From 810b55f82f611159c5c45de9f14aa0132784375b Mon Sep 17 00:00:00 2001
From: Marvin Hofer <mh68feta@studserv.uni-leipzig.de>
Date: Wed, 13 Sep 2023 14:45:15 +0200
Subject: [PATCH] init download function

---
 python/databusclient/cli.py    |   8 ++-
 python/databusclient/client.py | 100 +++++++++++++++++++++++++++++++++
 python/pyproject.toml          |   3 +
 python/tests/test_download.py  |  20 +++++++
 4 files changed, 129 insertions(+), 2 deletions(-)
 create mode 100644 python/tests/test_download.py

diff --git a/python/databusclient/cli.py b/python/databusclient/cli.py
index 29ce698..6a45c58 100644
--- a/python/databusclient/cli.py
+++ b/python/databusclient/cli.py
@@ -35,5 +35,9 @@ def deploy(
 
 
 @app.command()
-def download(collection: str):
-    typer.echo(f"TODO")
+def download(
+    localDir: str = typer.Option(..., help="local databus folder"),
+    databus: str = typer.Option(..., help="databus URL"),
+    databusURIs: List[str] = typer.Argument(...,help="any kind of these: databus identifier, databus collection identifier, query file")
+):
+    client.download(localDir=localDir,endpoint=databus,databusURIs=databusURIs)
diff --git a/python/databusclient/client.py b/python/databusclient/client.py
index b096256..518c7d9 100644
--- a/python/databusclient/client.py
+++ b/python/databusclient/client.py
@@ -3,7 +3,10 @@
 import requests
 import hashlib
 import json
+from tqdm import tqdm
+from SPARQLWrapper import SPARQLWrapper, JSON
 from urllib.parse import urldefrag
+from hashlib import sha256
 
 __debug = False
 
@@ -374,3 +377,100 @@ def deploy(
     if debug or __debug:
         print("---------")
         print(resp.text)
+
+
+def __download_file__(url, filename):
+    """
+    Download a file from the internet with a progress bar using tqdm.
+
+    Parameters:
+    - url: the URL of the file to download
+    - filename: the local file path where the file should be saved
+    """
+    print("download "+url)
+    response = requests.get(url, stream=True)
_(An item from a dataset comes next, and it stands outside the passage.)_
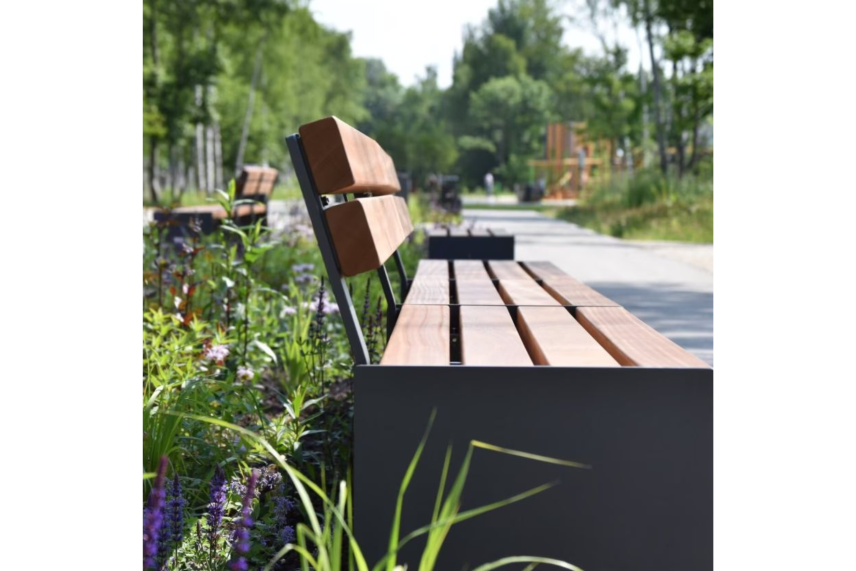 Sitzgelegenheiten (Quelle: Stadt Chemnitz)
+    total_size_in_bytes= int(response.headers.get('content-length', 0))
+    block_size = 1024 # 1 Kibibyte
+
+    progress_bar = tqdm(total=total_size_in_bytes, unit='iB', unit_scale=True)
+    with open(filename, 'wb') as file:
+        for data in response.iter_content(block_size):
+            progress_bar.update(len(data))
+            file.write(data)
+    progress_bar.close()
+    if total_size_in_bytes != 0 and progress_bar.n != total_size_in_bytes:
+        print("ERROR, something went wrong")
+
+
+def __query_sparql__(endpoint_url, query)-> dict:
+    """
+    Query a SPARQL endpoint and return results in JSON format.
+
+    Parameters:
+    - endpoint_url: the URL of the SPARQL endpoint
+    - query: the SPARQL query string
+
+    Returns:
+    - Dictionary containing the query results
+    """
+    sparql = SPARQLWrapper(endpoint_url)
+    sparql.method = 'POST'
+    sparql.setQuery(query)
+    sparql.setReturnFormat(JSON)
+    results = sparql.query().convert()
+    return results
+
+
+def __handle__databus_file_query__(endpoint_url, query) -> List[str]:
+    result_dict = __query_sparql__(endpoint_url,query)
+    for binding in result_dict['results']['bindings']:
+        if len(binding.keys()) > 1:
+            print("Error multiple bindings in query response")
+            break
+        else:
+            value = binding[next(iter(binding.keys()))]['value']
+        yield value
+
+
+def wsha256(raw: str):
+    return sha256(raw.encode('utf-8')).hexdigest()
+
+
+def __handle_databus_collection__(endpoint, uri: str)-> str:
+    headers = {"Accept": "text/sparql"}
+    return requests.get(uri, headers=headers).text
+
+
+def __download_list__(urls: List[str], localDir: str):
+    for url in urls:
+        __download_file__(url=url,filename=localDir+"/"+wsha256(url))
+
+
+def download(
+    localDir: str,
+    endpoint: str,
+    databusURIs: List[str]
+) -> None:
+    """
+    Download datasets to local storage from databus registry
+    ------
+    localDir: the local directory
+    databusURIs: identifiers to access databus registered datasets
+    """
+    for databusURI in databusURIs:
+        # dataID or databus collection
+        if databusURI.startswith("http://") or databusURI.startswith("https://"):
+            # databus collection
+            if "/collections/" in databusURI:
+                query = __handle_databus_collection__(endpoint,databusURI)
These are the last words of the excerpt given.